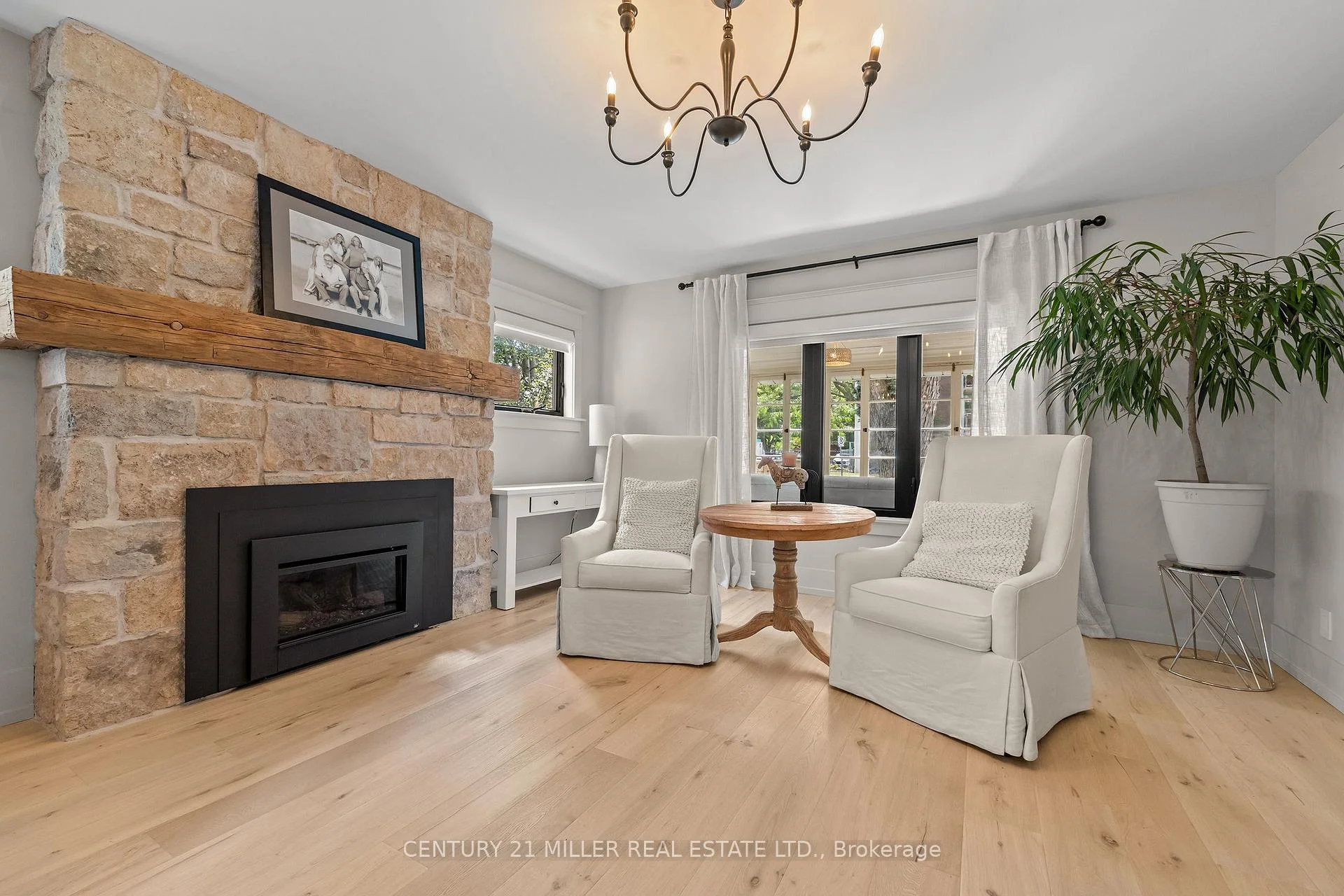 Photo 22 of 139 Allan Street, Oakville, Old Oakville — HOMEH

-=-=-=-=-

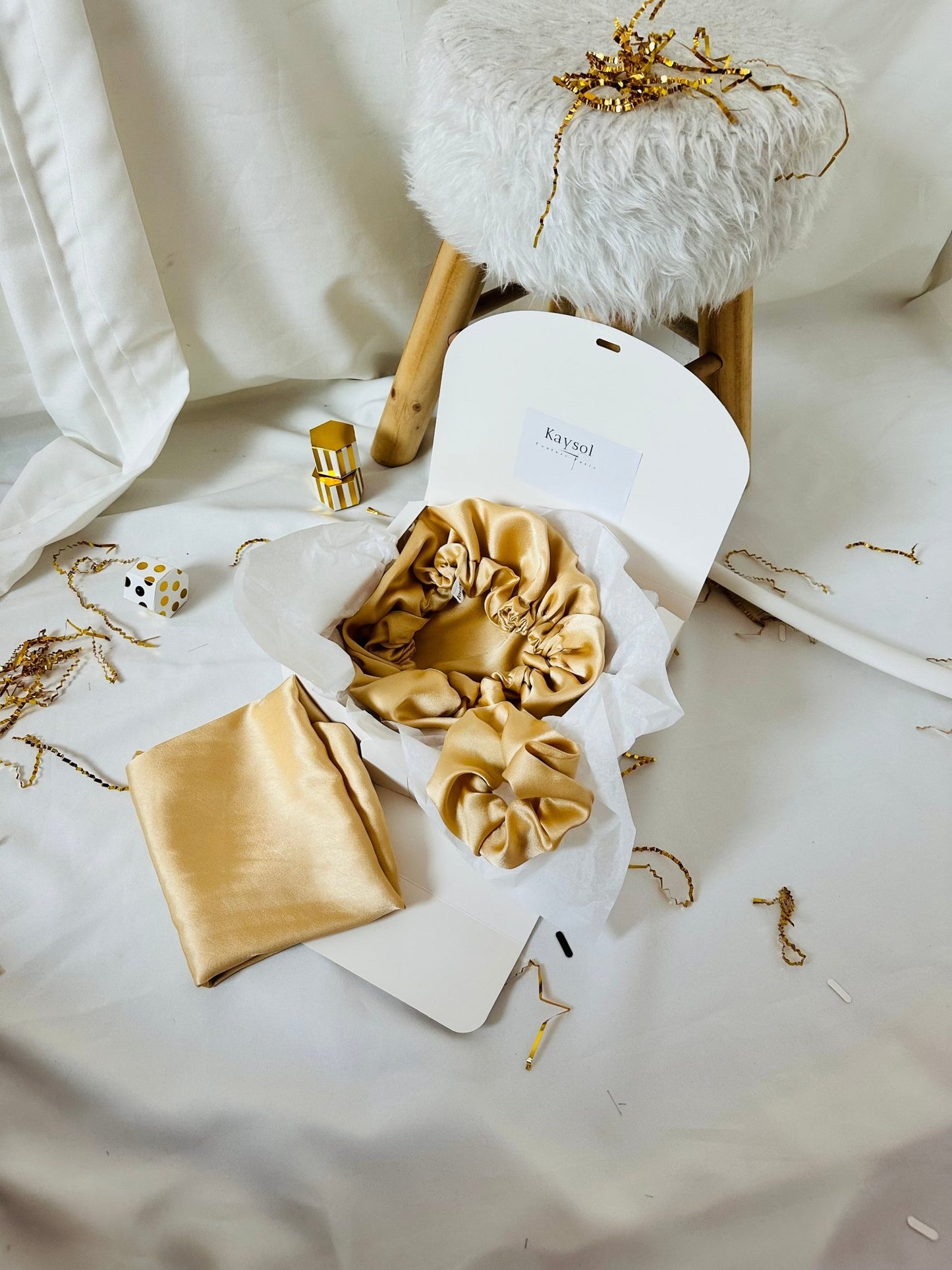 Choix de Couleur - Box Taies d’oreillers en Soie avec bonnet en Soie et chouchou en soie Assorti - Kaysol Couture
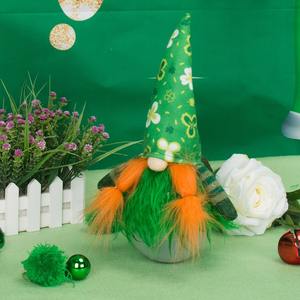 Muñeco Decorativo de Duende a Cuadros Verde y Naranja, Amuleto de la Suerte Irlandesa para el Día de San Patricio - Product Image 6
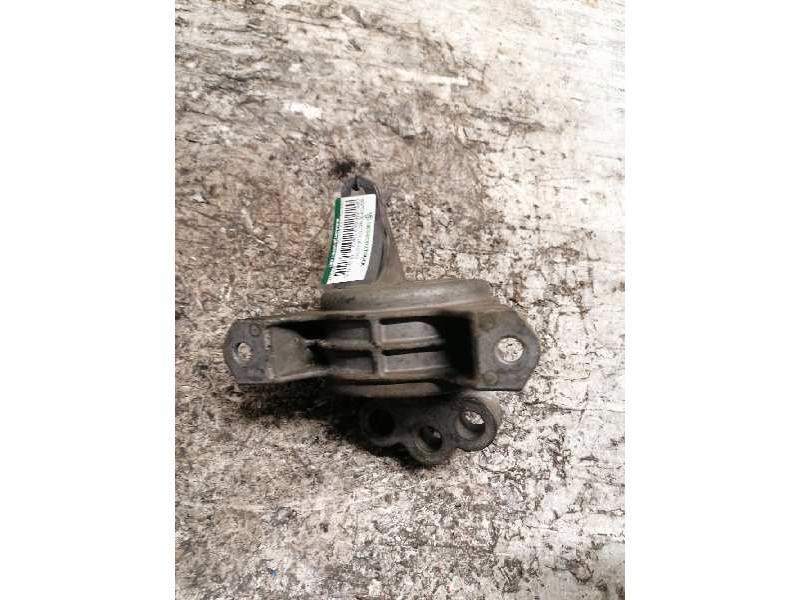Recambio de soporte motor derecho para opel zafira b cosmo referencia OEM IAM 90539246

-=-=-=-=-

Assignment. Using the records above, print exactly the lines between the ones containing "Choix de Couleur" and "Recambio de soporte", inclusive, and nothing else; no pictures.

Solution to the problem.
 Choix de Couleur - Box Taies d’oreillers en Soie avec bonnet en Soie et chouchou en soie Assorti - Kaysol Couture
 Muñeco Decorativo de Duende a Cuadros Verde y Naranja, Amuleto de la Suerte Irlandesa para el Día de San Patricio - Product Image 6
Recambio de soporte motor derecho para opel zafira b cosmo referencia OEM IAM 90539246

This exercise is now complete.